__Instructions to follow__: In the material below, find the span from the line with "Raf Simons Black" to the line with "1950's Thatcher McKee" and transcribe only those lines, exactly, ends included, without the pictures.

__Recorded information__:
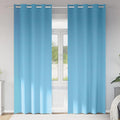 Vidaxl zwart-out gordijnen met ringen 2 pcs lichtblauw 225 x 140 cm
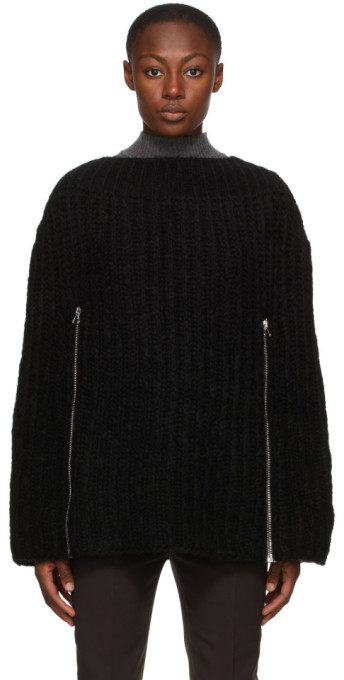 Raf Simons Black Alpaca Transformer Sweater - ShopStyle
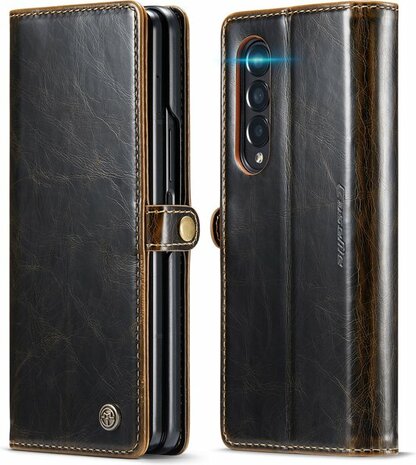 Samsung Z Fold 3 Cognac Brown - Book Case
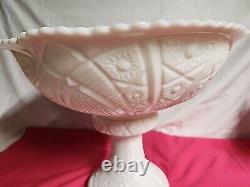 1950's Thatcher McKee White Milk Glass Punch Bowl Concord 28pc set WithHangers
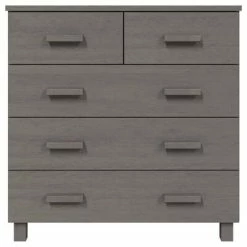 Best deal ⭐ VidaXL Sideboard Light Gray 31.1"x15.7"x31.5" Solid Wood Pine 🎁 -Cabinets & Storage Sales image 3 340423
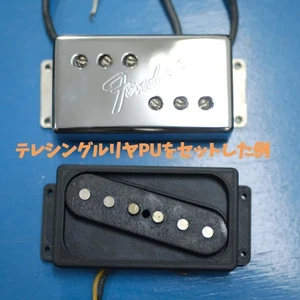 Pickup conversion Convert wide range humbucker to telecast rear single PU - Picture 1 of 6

--

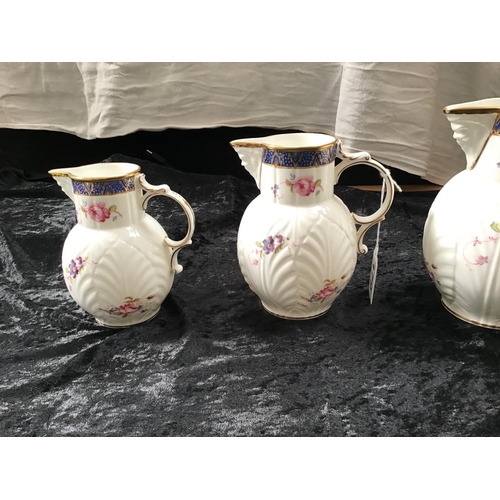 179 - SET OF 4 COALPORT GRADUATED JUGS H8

__Solution to the exercise__:
 Raf Simons Black Alpaca Transformer Sweater - ShopStyle
 Samsung Z Fold 3 Cognac Brown - Book Case
 1950's Thatcher McKee White Milk Glass Punch Bowl Concord 28pc set WithHangers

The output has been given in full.